WGS and bioinformatic methods

The Nextera XT library preparation kit (Illumina, San Diego, CA, USA) was used to prepare sequencing libraries according to the manufacturer’s instructions. WGS was executed on an Illumina Hiseq platform with 150 base pair paired-end reads and a targeted read depth of >100×. Sequence data are available from the National Center for Biotechnology Information (NCBI) Sequence Read Archive (SRA) under BioProjects PRJNA595724, PRJNA561087 and PRJNA594943. First, in silico multilocus sequence typing (MLST) was performed on the raw sequencing reads using ARIBA; only isolates that were identified as ST1 and ST2 were included in further analyses (82 sequences were excluded) [19-21]. The bioinformatics methods applied to the sequences to identify single-nucleotide variants (SNVs) and build phylogenetic trees were executed as previously described [22]. Briefly, raw sequencing reads were trimmed using Trimmomatic to remove low-quality bases and adapter sequences [23]. Trimmed reads were then mapped to existing complete reference genomes within the same ST [R20291 for ST1 (GenBank accession number FN545816) and W0022a for ST2 (GenBank accession number CP025046)] with the Burrows–Wheeler short-read aligner [24-26]. PCR duplicates were discarded and variants were called using SAMtools mpileup and bcftools [27]. Gubbins was used to remove variant sites located in putative recombinant regions [28]. Maximum-likelihood phylogenies were built using IQ-TREE with a generalized time-reversible nucleotide substitution model; phylogenies were rooted using 630 as an outgroup (GenBank accession number GCA_000009205.2) [29, 30]. Fluroquinolone resistance was inferred based on the presence of previously identified fluroquinolone resistance-associated gryA and gyrB alleles [31]. ST1 isolates were further classified into previously identified FQS, FQR1 and FQR2 lineages by examining how newly sequenced isolates clustered with publicly available FQR1 and FQR2 isolates [32].

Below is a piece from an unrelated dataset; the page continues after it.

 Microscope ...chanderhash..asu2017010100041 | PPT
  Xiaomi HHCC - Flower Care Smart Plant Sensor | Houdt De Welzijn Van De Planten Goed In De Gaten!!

Evaluation of phylogenetic clustering

To compare the level of clustering by geographical collection site between newly sequenced ST1 and ST2 isolates, we overlaid geographical collection site onto the maximum-likelihood whole-genome phylogenies and applied a previously described approach for formal clustering assessment [33]. First, we tabulated the number of isolates in a ‘pure’ subtree of each phylogeny – defined as a subtree made up of two or more isolates collected from a single geographical site that was found in >90 % of bootstrapped phylogenies. To determine whether this number was different than would be observed by chance given the phylogenetic topology and location frequency, we calculated an empirical P-value by randomizing geographical labels and recalculating this number 1000 times.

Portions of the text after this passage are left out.